You make an interesting point Jonas - These concepts are very important for us right here right now. And as you say they are important for a diverse range of groups.

I belive that the rise of concepts such as interdisciplinarity are intimately connected to the rise of networked computers, and the importance of relational databases in archiving and displaying the information held on these computers.

The more contact points in a network - And the internet has to all intents and purposes an infinite number of connections - The higher the chances of productive and useful ideas and technologies emerging from the network.

The productivity of the internet is recognised by global firms and global activists - And both can exploit the network effects to their own advantage. The internet is the greatest re-distribution of power ever. I stand in awe of what has already happened, and as for what will happen . . . who knows - But its going to be good!


Posted by Nicholas Marsh



Individuality are not enough. You must be different! But have you ever thought of that difference has no substance, that it is a just a negation?

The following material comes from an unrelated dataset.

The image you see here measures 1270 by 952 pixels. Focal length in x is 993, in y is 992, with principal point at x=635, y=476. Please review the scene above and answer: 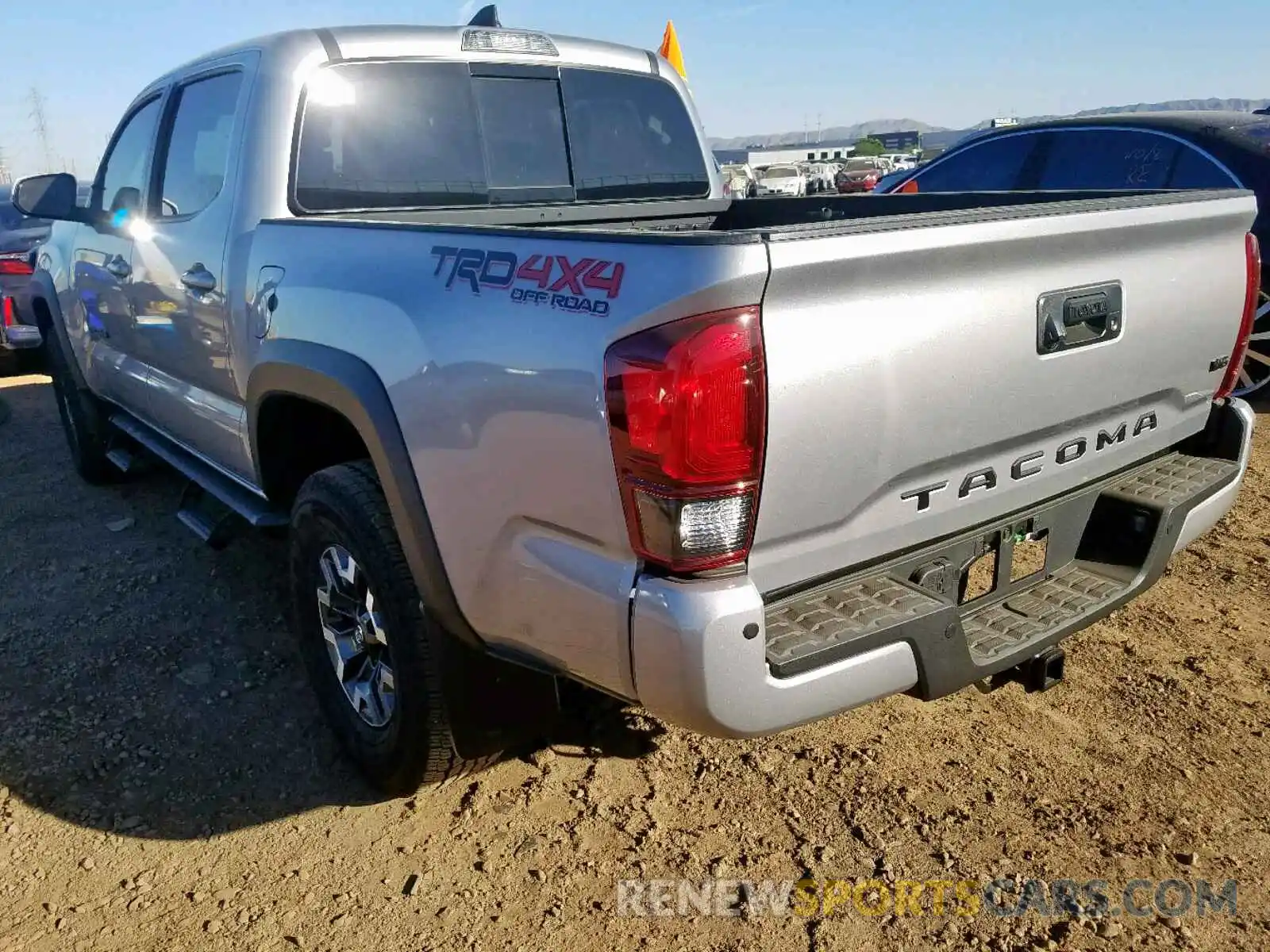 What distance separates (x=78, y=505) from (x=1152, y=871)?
5289mm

Interdisciplinarity may be a creative zone, but it may also be a an excuse for lack of knowledge and fuzzy thoughts !

Tine


Posted by Tine Blom



Nick,
Attributing the rise of concepts such as interdisciplinarity to the technological phenomenon of a congruent ‘rise of networked computers’ makes for what a social scientist would call “technological determinism”. Also, your way of putting it; things (almost magically) ‘emerging from the network,’ would be interpreted in the same way. I am not criticising your interpretation – mine would amount to a similar view, but we have to be aware we are following a very Marxist strategy of presuming the material conditions as the chief magnetic force here, seemingly pointing in a unidirectional direction of necessarily more intermingling, hybridisation, and shaping human action and discourse accordingly.
Then you mention what I think is the most central aspect here; that both ‘global firms and global activists’ are recognizing this condition. Because it seems like we are (amid all hype, ‘fuzzy thoughts’ and web 2.0 manifestos) talking about a condition here; something “in the air”. The care we have to take as scholars here I believe is to not swallow the hype, but to reflect on it critically, given that we all have the luxury of working in the haven of commercialism that the academy after all is (it’s sometimes easy to forget that we don’t have to succumb to the spin and rather desperate milking of concepts that the marketing and PR world is all about). And Tine, your point makes perfect sense here.
However, we shouldn’t go too far the other way either! The “ivory tower” is, in my view, a dead concept. A critical stance is all fair and good – but the very best thing we can do is to communicate this attitude to the wider world, ‘eliminating all the whackness,’ as Lootpack or Gang Starr would have put it.